Jacqueline Stewart: Okay, I’m going to not repeat any of Dave’s answers. Those are great. Opening night, West Side Story. I mean, it’s one of the most just visually striking. It shows a real kind of maturity with regard to the way that the musical developed over time. I think that we know there’s a new version that’s going to be released soon—the Steven Spielberg version. I always feel like you should see earlier iterations of something before you see a remake. My poor children are constantly watching multiple versions of things so West Side Story just right off the bat.
I have to champion a silent film because that’s my area of specialty.

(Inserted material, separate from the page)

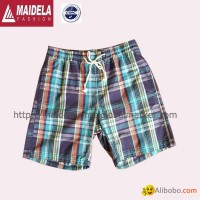 Sport shorts for men with yarn dyed fabric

We’re showing the Ernst Lubitsch film, So This Is Paris, which I think is the kind of film that can really change the way that people think they think they know about silent films. It’s just incredibly dynamic and engaging. The acting is just spectacular. Ernst Lubitsch, who is one of the most important directors in the history of filmmaking has such an important kind of personal story as an immigrant filmmaker. We can see how what came to be known as Lubitsch touch—these kinds of really witty, sophisticated, romantic comedies that he directed. We see how he’s developing that even during the silent period. It also has this really crazy Charleston musical number. People don’t necessarily think that silent films have musical numbers but this one does so I definitely want to direct people to that film.

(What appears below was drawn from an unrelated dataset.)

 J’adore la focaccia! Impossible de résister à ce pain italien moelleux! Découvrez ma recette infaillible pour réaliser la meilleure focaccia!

And then, we have an essentials collection of films that’s going to be screened on HBO Max. One of those is my favorite Hitchcock film, North by Northwest, which I think is just—he loved trains and clocks. It’s a film that is paced just perfectly. Cary Grant is always amazing to watch. It’s a film that I think will really help people to understand the complexity and just the care that Hitchcock brought to his work. That’s one that I could watch over and over and over and over again. I’ve taught precisely because I think that it’s such a masterful film.

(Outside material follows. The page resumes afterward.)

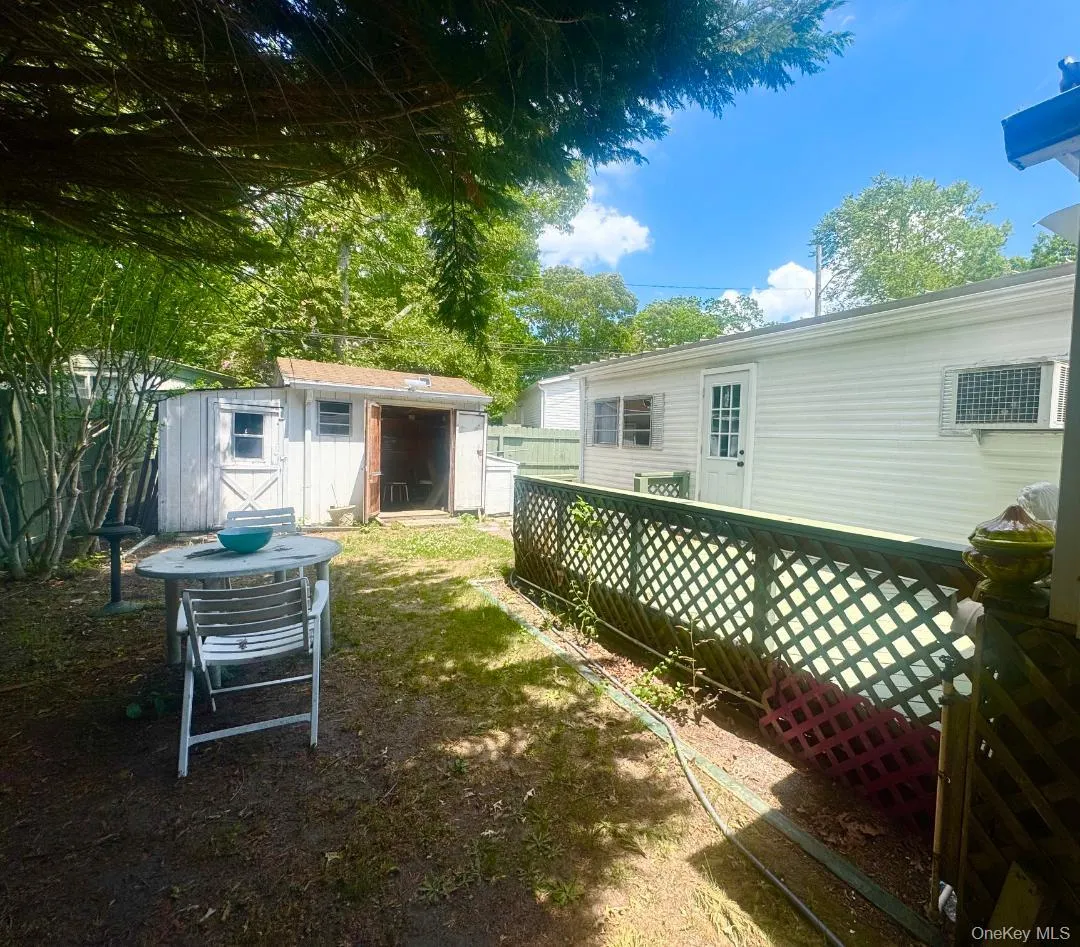 620 #25 Montauk Highway Unit 25, Southampton, New York 11978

What would be your favorite year in film as far as classic films go?
Jacqueline Stewart: Oh, that’s such a hard question. Can I just give the easy 1939 answer? I’ll just give that one—the greatest year. This comes from having had a lot of conversation about Gone with the Wind. And yet, I still think that it’s a film that raises such important questions and it achieved so much in terms of its style and in terms of its box office and cultural impact. Thinking about that film and of course, The Wizard of Oz—the way that that Technicolor was really opening up the ways that people could think about both the realism and the fantasy aspects of filmmaking. I think I’d have to stick with 1939.
Dave Karger: Mine’s not too far off. I would say 1942. I love Mrs. Miniver. I know it’s very sentimental and little button-pushing but I think it’s very effective by William Wyler. There’s a lot of other great movies that were released that year like The Magnificent Ambersons, Talk of the Town, which is a great kind of intimate, three character essentially film. Random Harvest is the same year but the other (inaudible) is because it includes one of my favorite unsung movies of all time, which is The Man Who Came to Dinner, a movie that we show occasionally on TCM particularly around the holiday time and a movie that I just tell everyone about whenever we show it because I think Monty Wooley in that movie as Sheridan Whiteside is just so delicious and fun to watch. That’s the classic movie that I could watch over and over again. I love that year. It doesn’t get talked about—oh, and Yankee Doodle Dandy is that year, too. A great musical.